(Stored data entries)
_ _ _ _ _
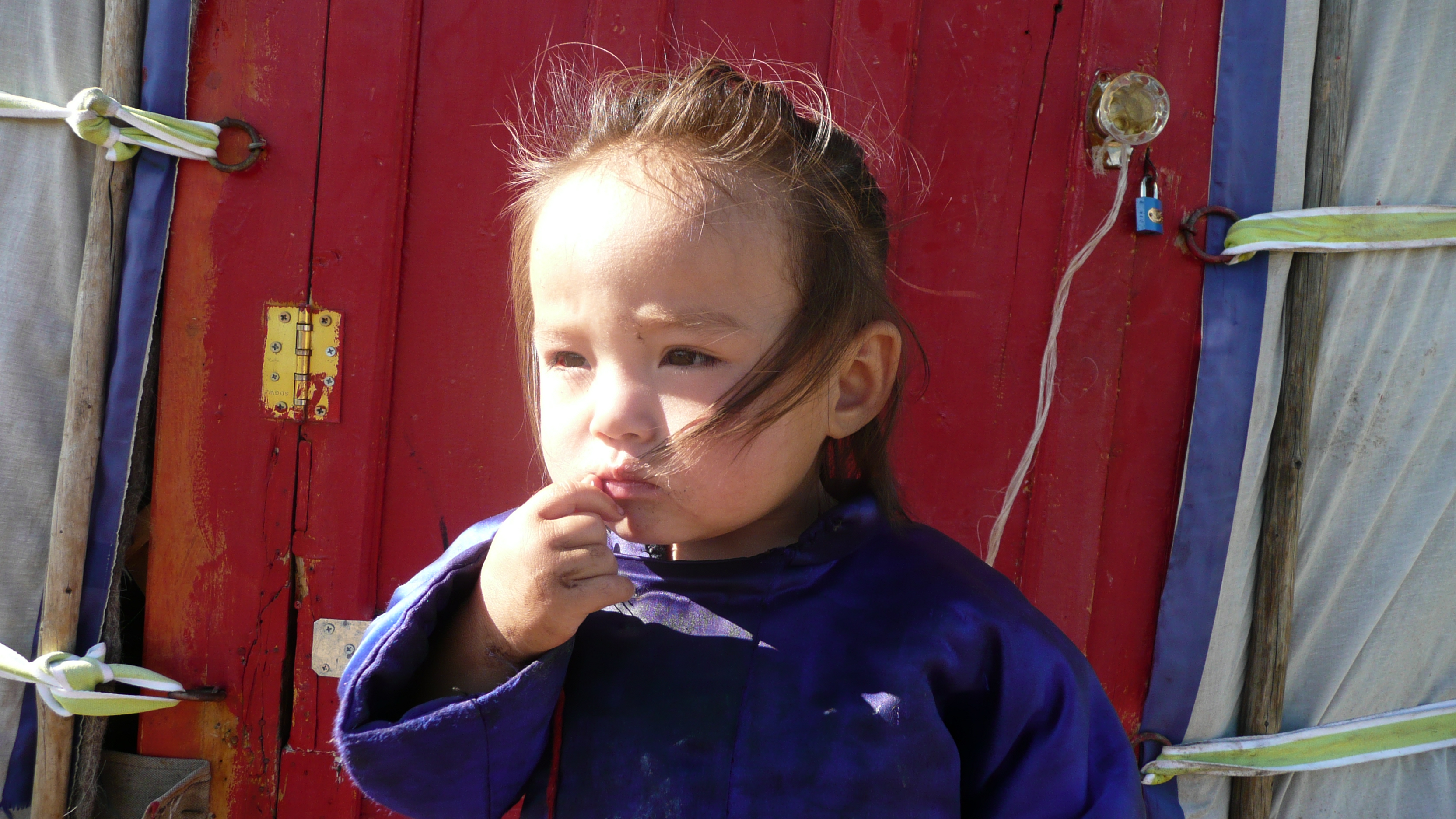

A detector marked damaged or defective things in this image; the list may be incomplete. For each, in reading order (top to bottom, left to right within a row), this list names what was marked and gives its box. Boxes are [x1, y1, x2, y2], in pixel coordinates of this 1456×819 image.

rusty door hinge [262, 306, 341, 422]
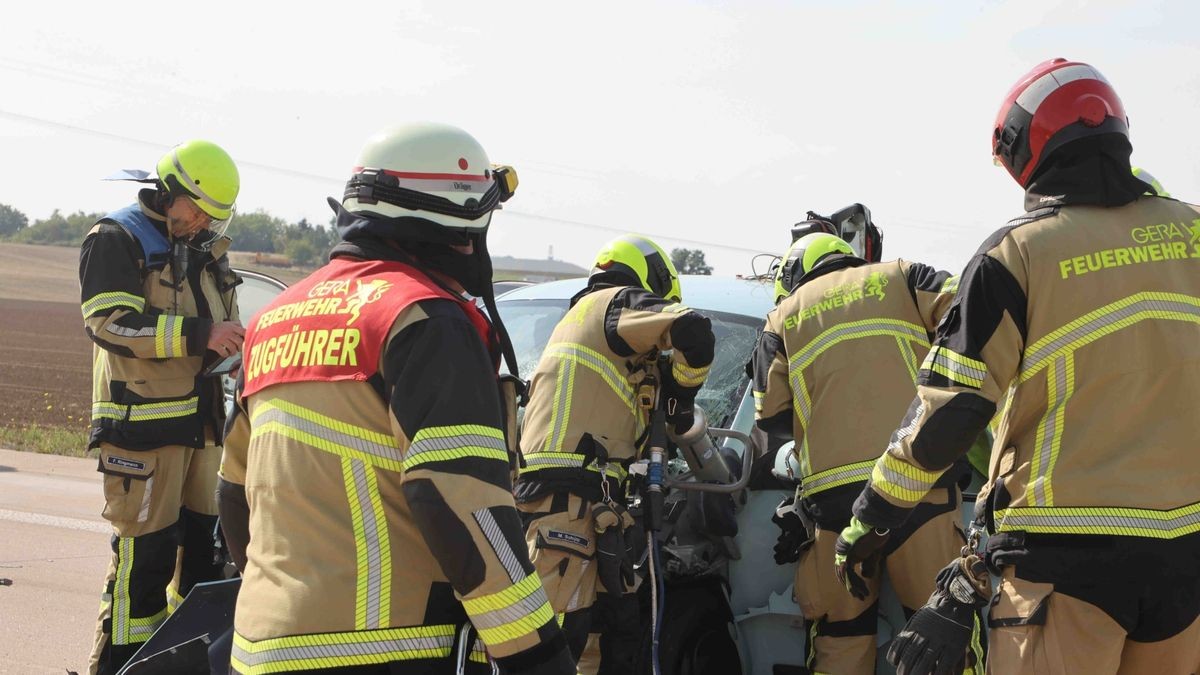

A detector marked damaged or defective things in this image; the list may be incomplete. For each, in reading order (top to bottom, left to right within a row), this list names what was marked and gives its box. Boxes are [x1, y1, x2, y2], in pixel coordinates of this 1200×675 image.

shattered windshield [496, 300, 760, 428]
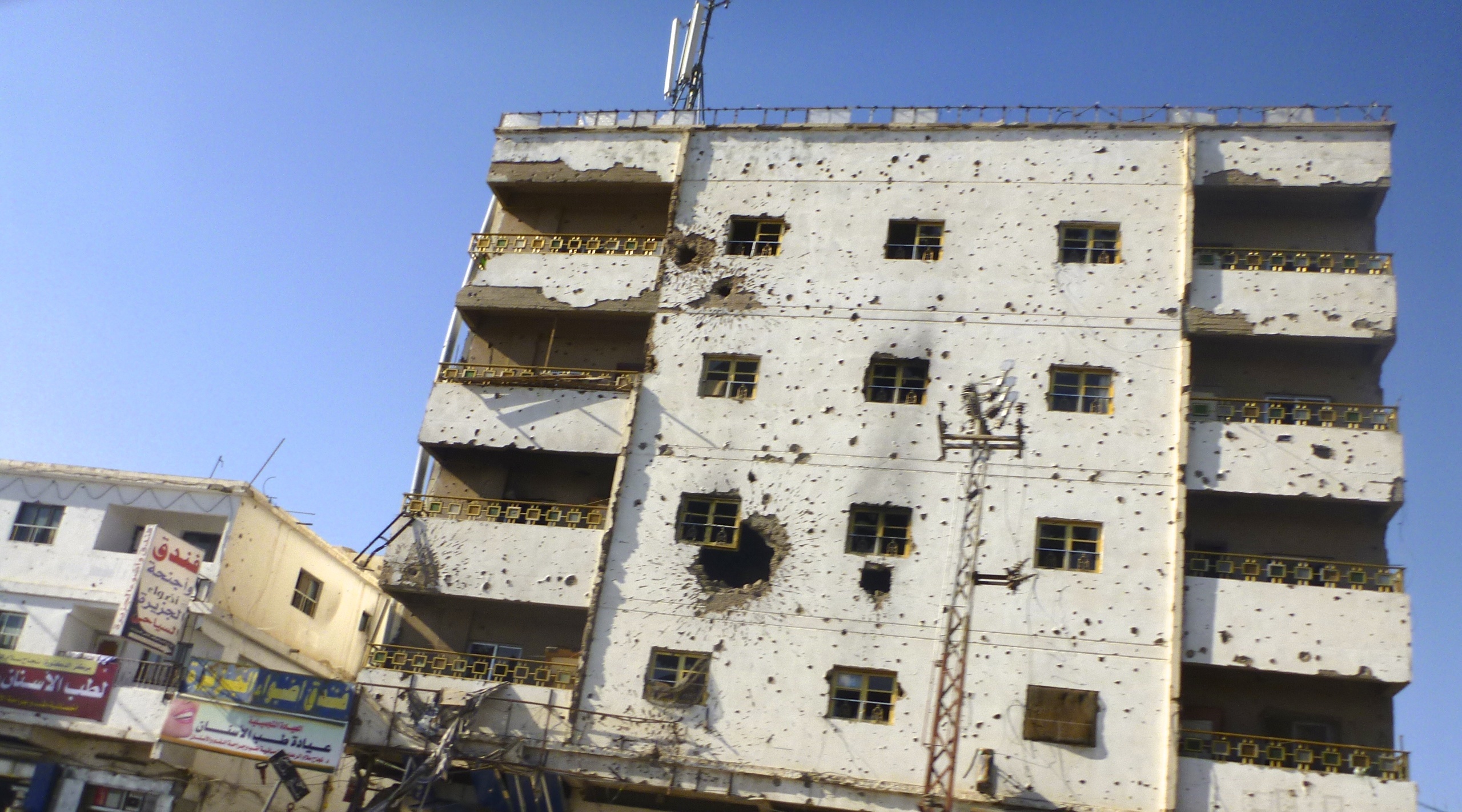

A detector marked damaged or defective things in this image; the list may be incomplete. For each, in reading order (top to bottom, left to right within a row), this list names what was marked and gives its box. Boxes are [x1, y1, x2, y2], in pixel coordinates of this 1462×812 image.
_ _ _ _ _
> **Exercise details**: Could you write out every record exactly, leaving the pictures out?

> **Response to this exercise**:
A detector marked damaged or defective things in this image; the list may be incomplete. For each, in reading order (top to bottom, left to right within a row), this list names what was marked and gives its box. Boxes are [x1, y1, x2, y2], in pixel coordinates of this 1456×819 image.

rusty door hinge [262, 306, 341, 422]

A detector marked damaged or defective things in this image; the list may be incomplete. For each, in reading order (top to bottom, left to right within a row), this list names what was marked and gives its box. Boxes are [x1, y1, x2, y2], in pixel coordinates of this 1200×675 image.

shattered windshield [496, 300, 760, 428]

A detector marked damaged or defective things in this image; the list may be incomplete. For each, in reading order (top to bottom, left to right within a row), this list names what was marked and gives its box. Boxes are [x1, y1, x2, y2], in pixel coordinates of this 1462×812 image.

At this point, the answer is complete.